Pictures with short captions
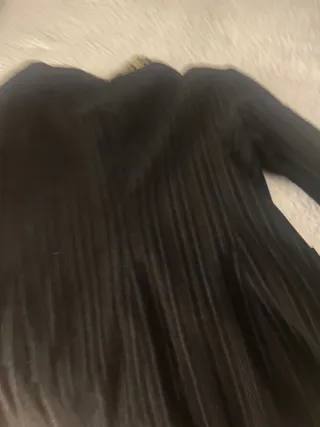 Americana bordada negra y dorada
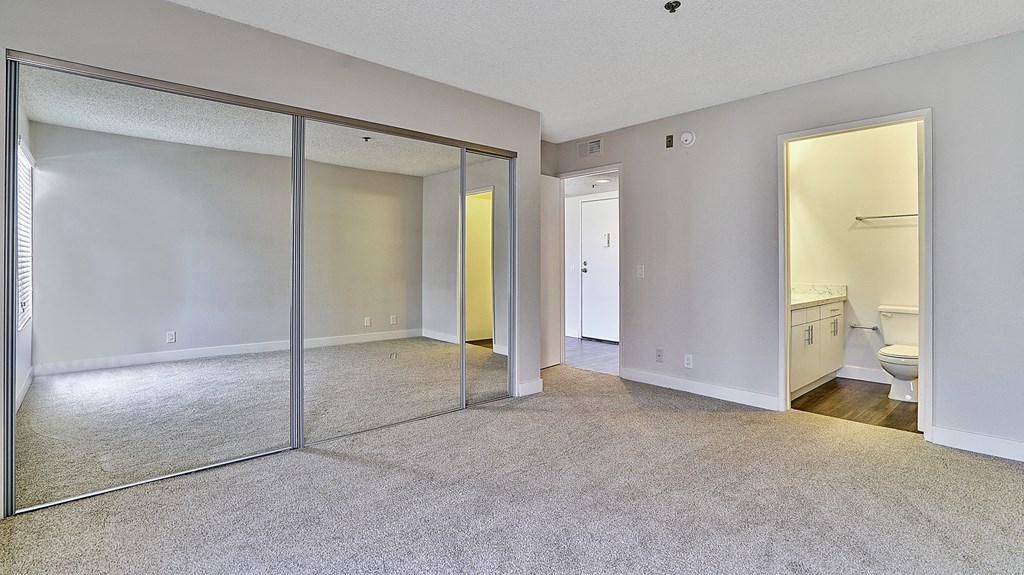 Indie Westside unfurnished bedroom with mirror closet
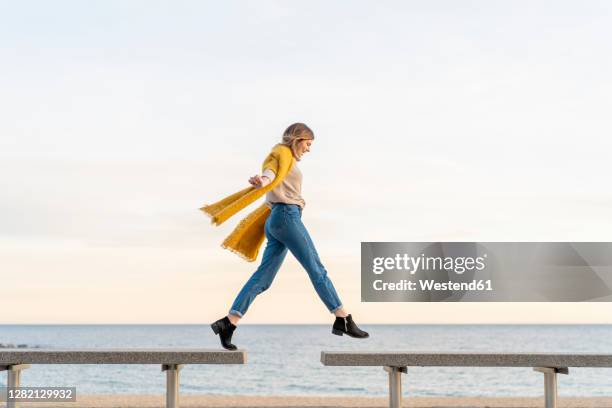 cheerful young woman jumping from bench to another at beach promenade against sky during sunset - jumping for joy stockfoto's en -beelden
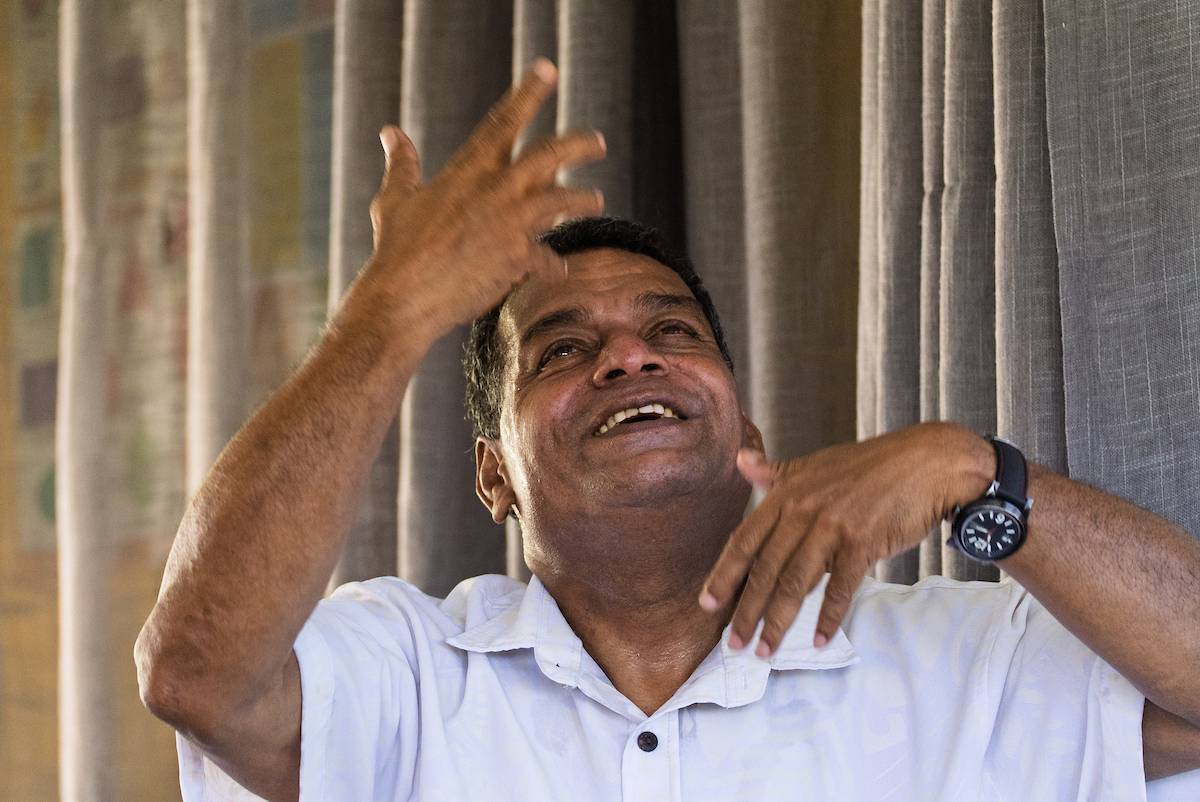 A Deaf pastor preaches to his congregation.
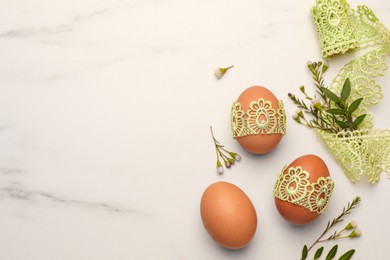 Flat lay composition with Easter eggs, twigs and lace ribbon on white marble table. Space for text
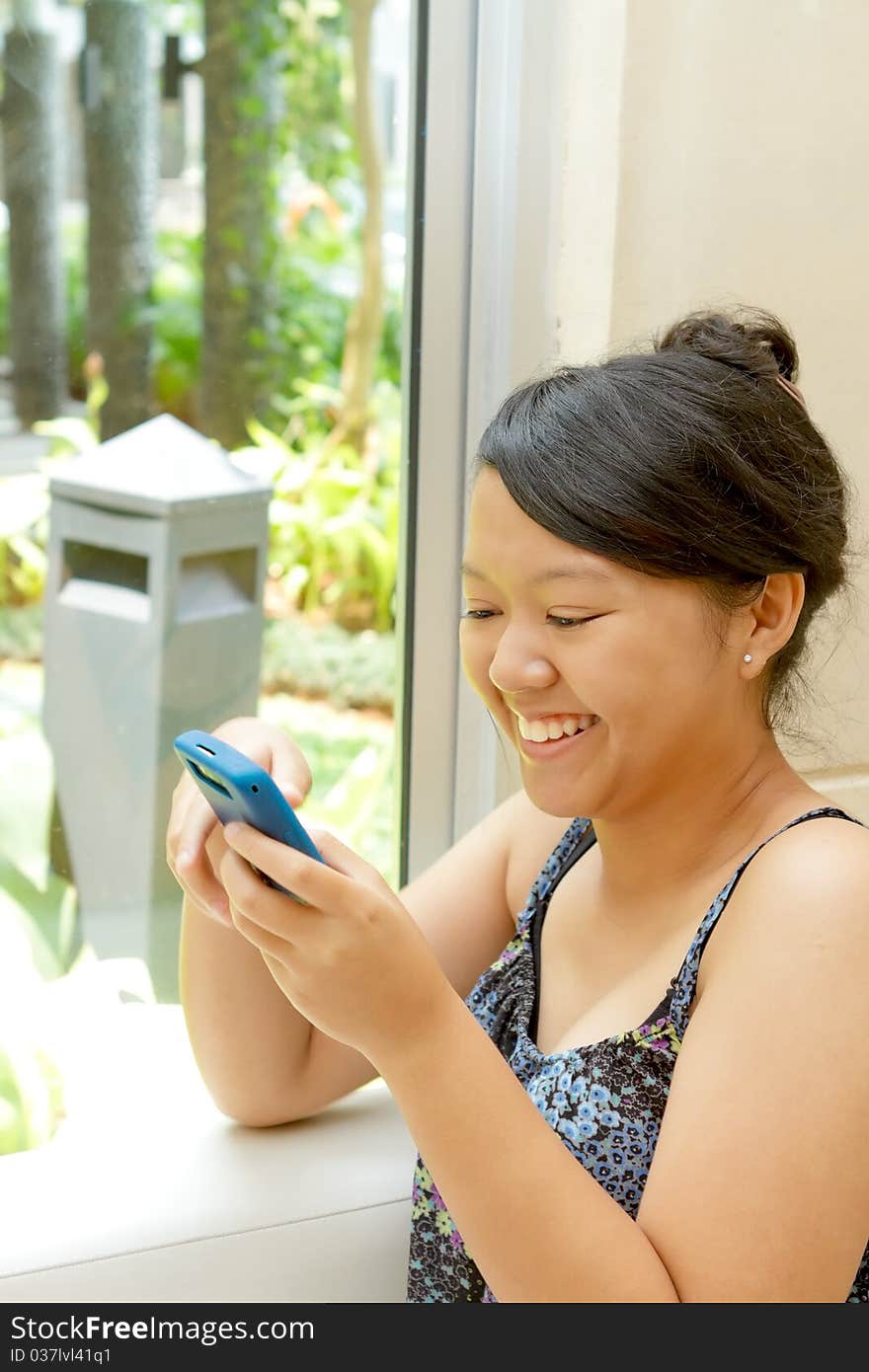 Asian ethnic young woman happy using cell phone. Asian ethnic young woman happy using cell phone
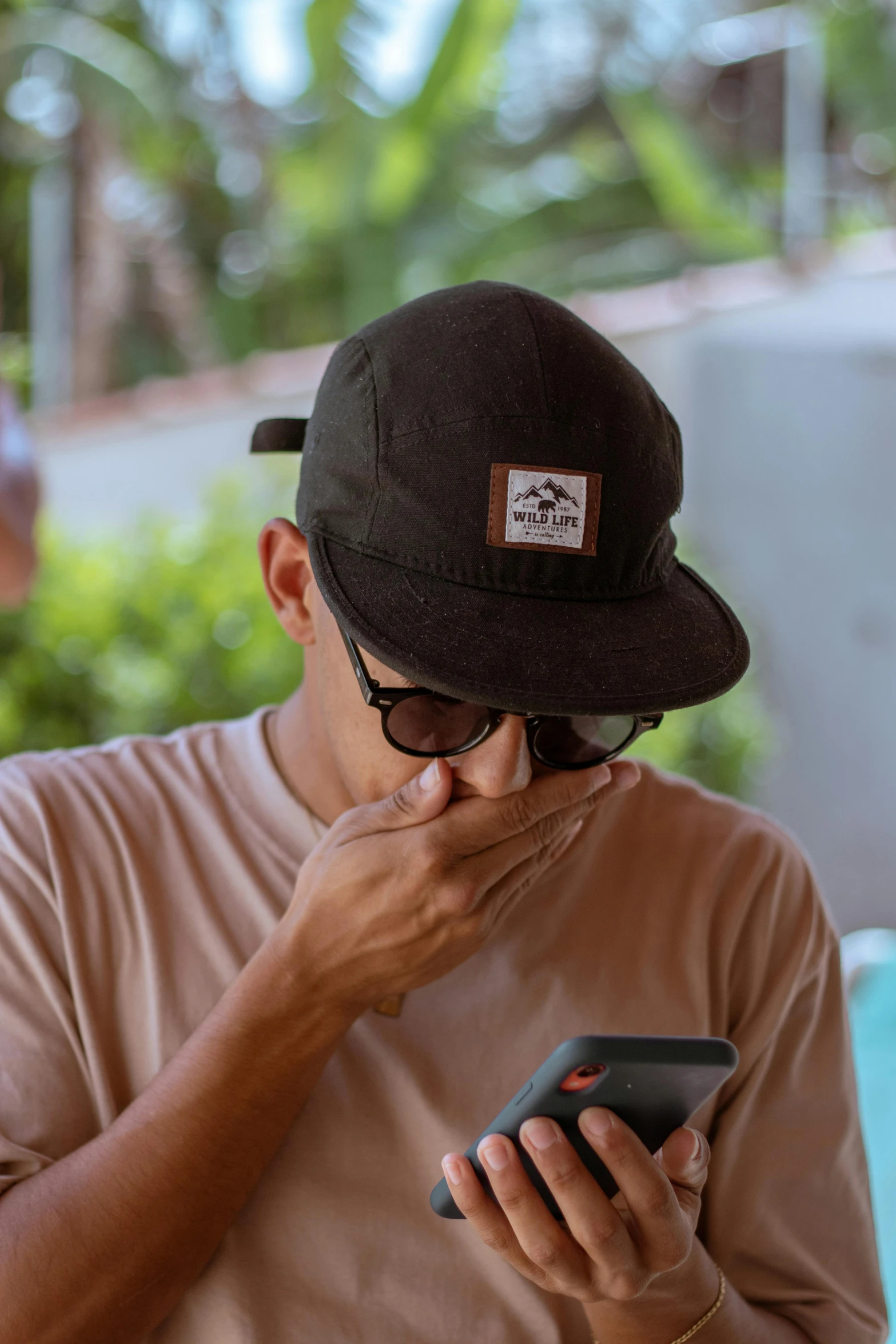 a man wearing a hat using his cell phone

# [Exercise details]
Once the line containing "Flat lay composition" is found, copy it and each line after it through the end of the entries above exactly; nothing else, and no pictures.

# [Answer to this exercise]
 Flat lay composition with Easter eggs, twigs and lace ribbon on white marble table. Space for text
 Asian ethnic young woman happy using cell phone. Asian ethnic young woman happy using cell phone
 a man wearing a hat using his cell phone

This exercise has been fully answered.